I have to tell you, my friends and I spent countless hours battling it out in front of the TV. It is also worth mentioning that this game was a major influence on pro wrestling games of today. It was the first pro wrestling game where you can battle in and out of the ring with button combo finishers.
How does this translate to today’s wrestling scene? You may be scratching your head and pondering on the matter. Well, about a month ago while I was cruising through YouTube and I ran across an Indy federation called Pro Wrestling Syndicate. While watching a few matches I noticed some talent I will be keeping an eye on, but it was the billing of Star Man that caught my eyes.
I thought to myself this surely is just a coincidental play on words. After all who the hell remembers a video game from 1986 in this day and age? Well my friends, I was pleasantly floored when I saw that it was indeed my video game wrestling hero. This instantly opened up the floodgates to my childhood past.

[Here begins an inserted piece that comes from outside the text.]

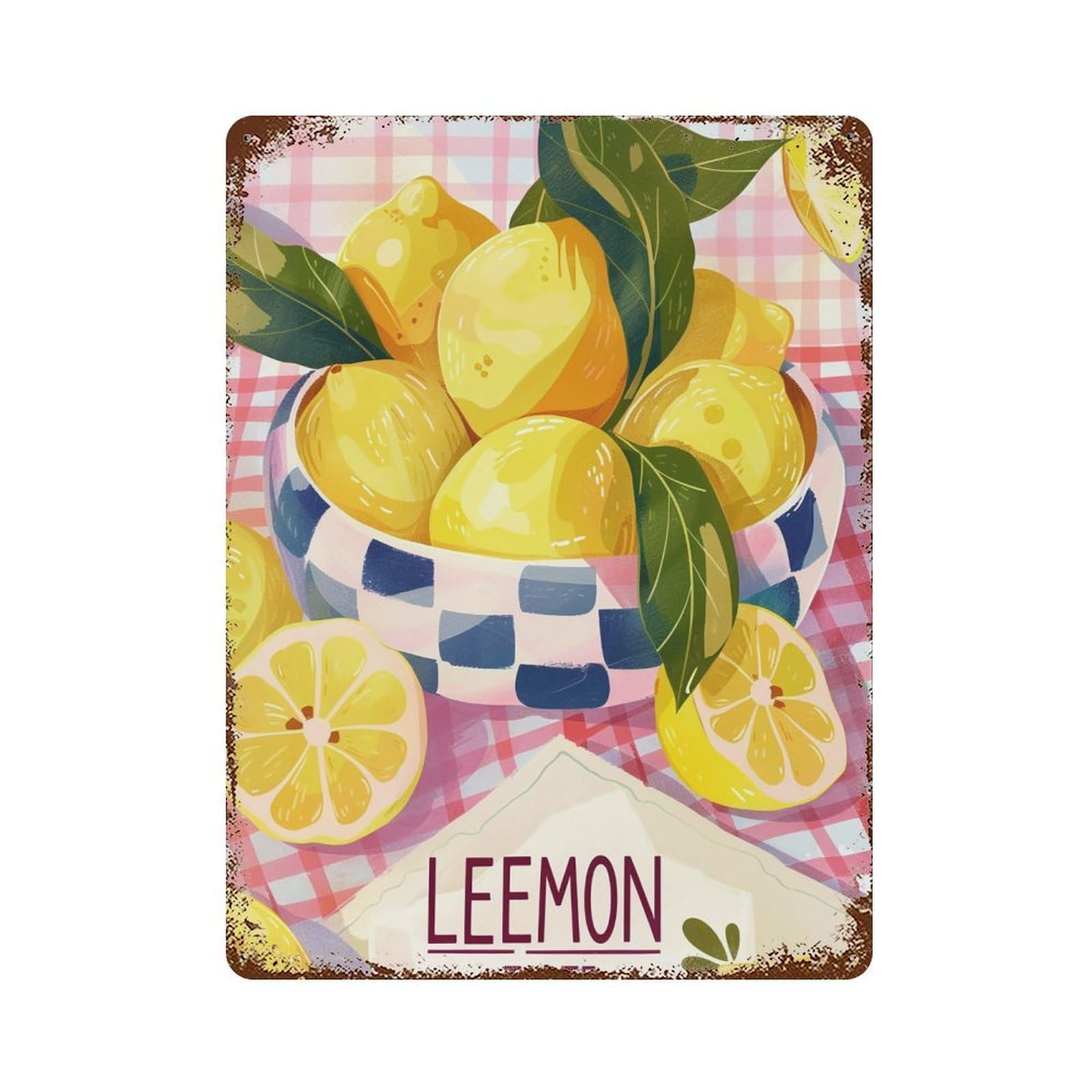 HDURYEYRYY Lemon 02 Wall Retro Iron Vintage Art Metal Tin Sign Poster Modern Home Cofffee Club Art Bar Shop Decor 40x30cm
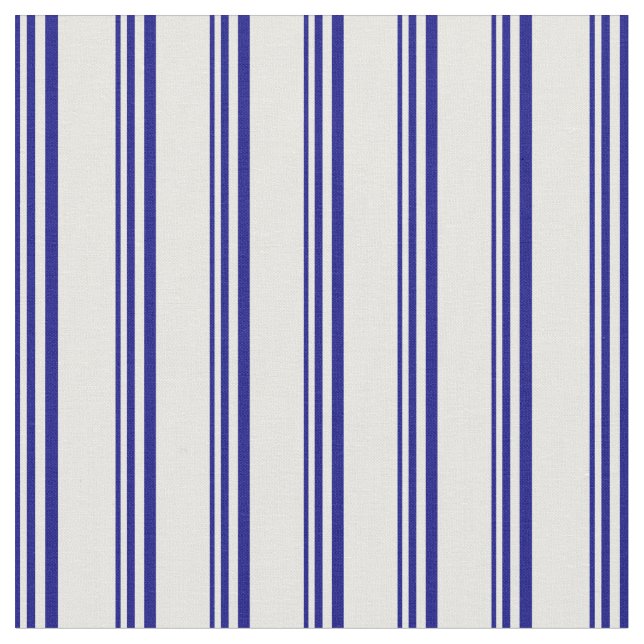 Blue and White Coloured Lines Pattern Fabric (Close Up)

But unlike the Star Man of the Past; this one is a real entity. Star Man, also know as the “The Super Space Traveler” hails from - where else - outer space. He weighs in at a whopping 8 mega pixels, and is known to have an allegiance of “Star hoes” (I kid you not). Known as a high flier, Star Man will finish you off with his deadly Somersault Kick and Flying Cross Chop.
As corny as all that sounds, I assure he is just as corny in and out of the ring. His intro music is the old NES Pro Wrestling Music, and when he walks to the ring it even looks like the old NES wrestler walking (if that makes sense). Also as an added bonus, during the match he will bust out a “game freeze,” where he just stops and doesn’t move. Much like playing Nintendo and your game will randomly freeze forcing you to start over.
To many this may sound like nothing but a corny gimmick that will most likely have a very short shelf life, and to this I would agree. After all, many go to Indy shows to go see up and comers like Prince Devitt or Samuray del Sol. Still there is something to be said for the novelty acts in pro wrestling.
These are the wrestlers who know what they are and know that no one takes them seriously. Yet they troop on because they know they put a smile on peoples faces. For that reason alone you have to hold a certain amount of respect for them.
To be fair though, Star Man has stood the test of time so far. He has grown to be a crowd favorite, and currently stands as the current as the PWS Tri State Champion. If that is not a testament to the magic of pro wrestling I do not know what is.
When all is said and done, “wrasslin” is nothing more than suspended belief of a fake sport filled with gimmicks and trickery. That is why I get a kick out of some writers or fans who get all pissy about who is getting the rub and who isn't. Instead of bitching about the sport, we as fans we should embrace it for all its worth. After all whether its the athletic, the goofy, the good or the bad, us fans and wrestlers grow under the same dysfunctional family tree.